Over the years I loved having a place I could turn to write about the things I cared about and have some fun. Plus it’s almost 8 years later and I have a diary of my twenties I can look back on which is so cool.
So back to the present day. I’m 31 and you may or may not have noticed that I’ve been finding it difficult to blog regularly over the last year or two. I won’t lie, it’s been a real struggle. There have been many times where I’ve considered packing in the whole blog all together.
The reason behind it all is my mental health. When I was freelance I struggled a lot with it and it definitely effected my blog in the end. I found myself being caught in the comparison trap and even though this wasn’t my main source of income, I felt the pressure.
Eventually I felt trapped in the whole cycle of “what’s the point of creating if no one cares or comments or likes etc.” So I didn’t create anything.
Even after I quit the self employed life and took the pressure off, I still found myself pushing my laptop away and even withdrawing from social media. I think I needed the break. But it’s been a long time and I miss it.
Recently I had a bit of a breakthrough and it all started when I walked into Zara. Weird I know but the collection they had in there a few weeks ago was so bright and colourful it made me excited. I haven’t thought about fashion in years – at least not the way I used to.

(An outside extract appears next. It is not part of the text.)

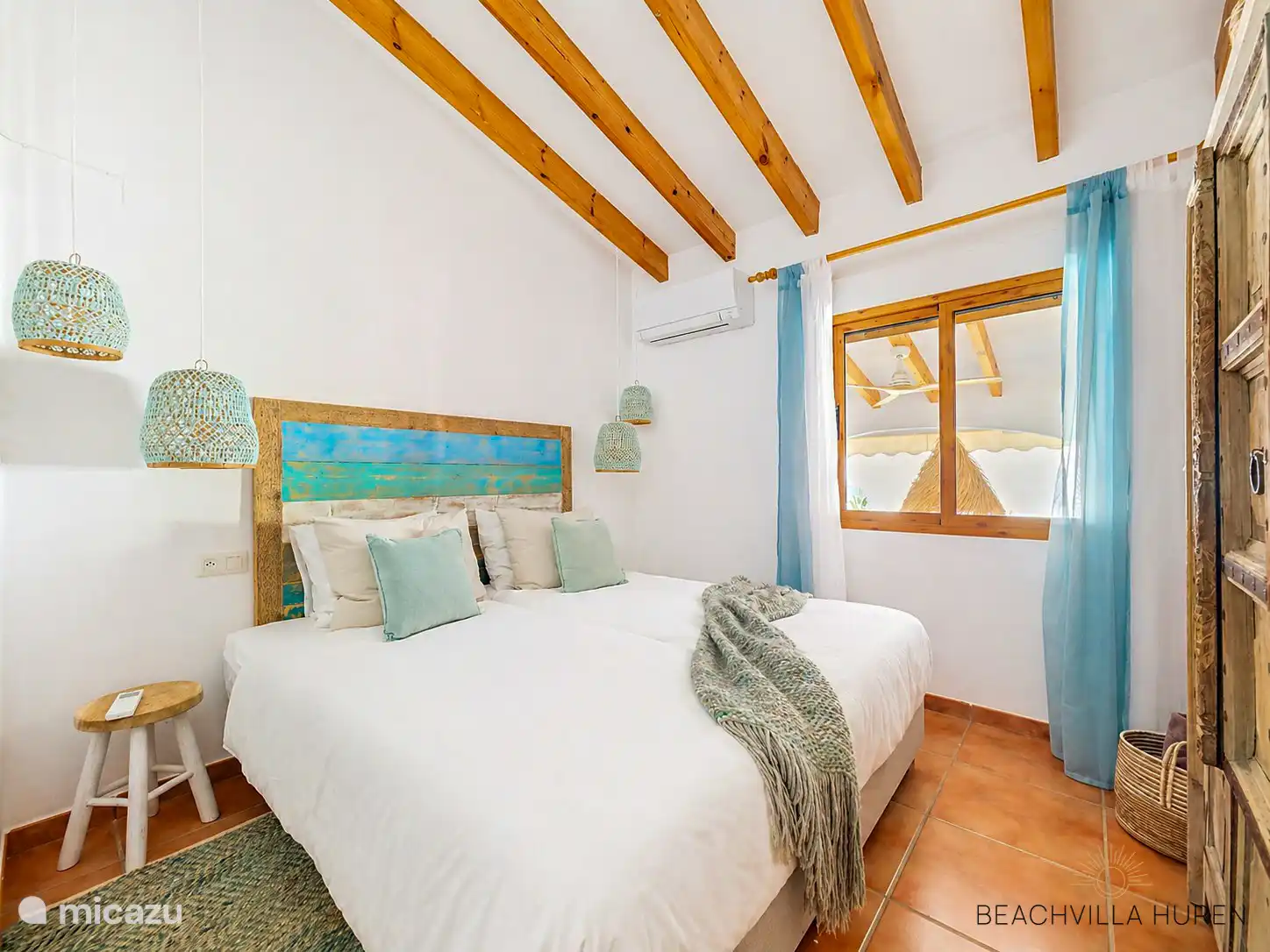 The blue bedroom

I miss having that feeling and blogging gave me that feeling. It’s the same feeling I got when I bought myself a new planner. I really want to blog about it too. I want to share – even if no one is listening. Just because I love it.
So to get my love of blogging back, all I need to do is remember my why. Why did I start? I wanted to have somewhere to gush about all the things I loved and had no one to talk about it to.
I’m smiling as I type this because I can literally feel my blog love reigniting. I know because of my mental health there will be a lot of bad days but it’s all about grabbing the good and making the most of it. I always feel better when I’ve done something. So that’s what I’m going to do.